Perhaps the most neglected development principle of becoming a good leader is that of first being a good follower. We see this important biblical pattern with Eli and Samuel, Elijah and Elisha, Jesus and his disciples, Paul and Timothy, and Moses and Joshua. Joshua became a remarkable leader after he was a remarkable follower.
What qualities are required to be a good follower like Joshua?
Joshua started out as Moses’ assistant. “So Moses and his assistant Joshua set out, and Moses climbed up the mountain of God” (Exodus 24:13). He wasn’t a follower in the passive sense of the word. He was a follower in that he was an active servant.
Joshua didn’t choose to be Moses’ assistant. He was chosen by God and Moses. He understood the importance of his role and was content to be the assistant. His role was needed and significant in and of itself. In humility he sought to add value and make a difference as a follower. “Inside the Tent of Meeting, the Lord would speak to Moses face to face, as one speaks to a friend. Afterward Moses would return to the camp, but the young man who assisted him, Joshua son of Nun, would remain behind in the Tent of Meeting” (Exodus 33:11). We never see Joshua aspiring to replace Moses or seeking to climb a ladder of success or pursue a path in leadership. Don’t ask people to follow you until you’ve humbly followed someone else.

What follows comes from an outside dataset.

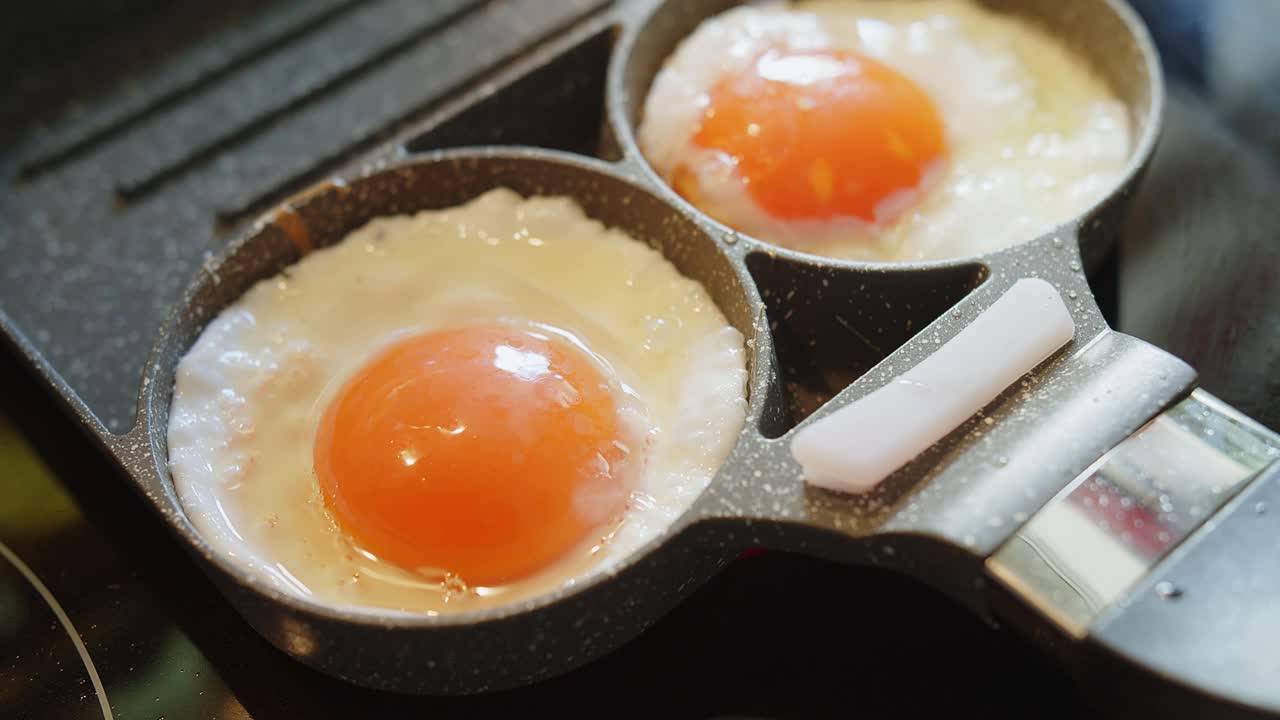 近距离烹制新鲜煎蛋蛋黄和蛋白热锅滋，简单美味美味的早餐食物视频素材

Joshua was committed to Moses’ vision as the leader. He served and was committed to Moses because that was his assignment from God. A successful follower buys into the leader’s vision and this overcomes the egocentric drive to be the leader.

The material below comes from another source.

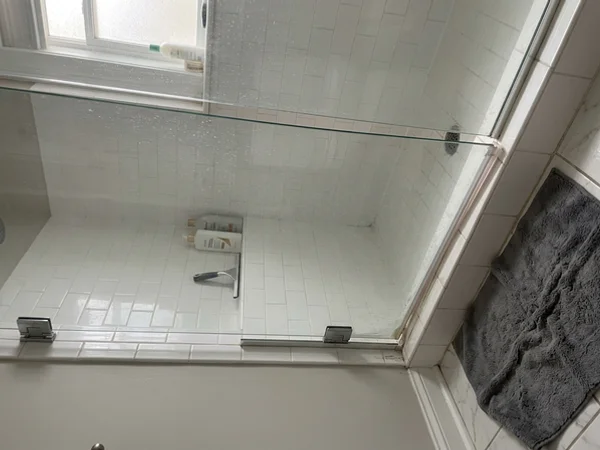 Sagging frameless shower door rubbing the tile in Rosedale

The mindset of a learner is being teachable. A learner observes, listens, and analyzes. Joshua watched as Moses took him up the mountain to receive the Ten Commandments from God (Exodus 24:13). He observed Moses’ righteous indignation when Moses smashed the two tablets (Exodus 32:17–19), and Joshua was witness to the holy communion Moses shared with the Lord as he guarded the tent of meeting (Exodus 33:11). He was given privileged access to Moses’ special relationship to the Lord and soaked it all up because he had the mindset of a learner.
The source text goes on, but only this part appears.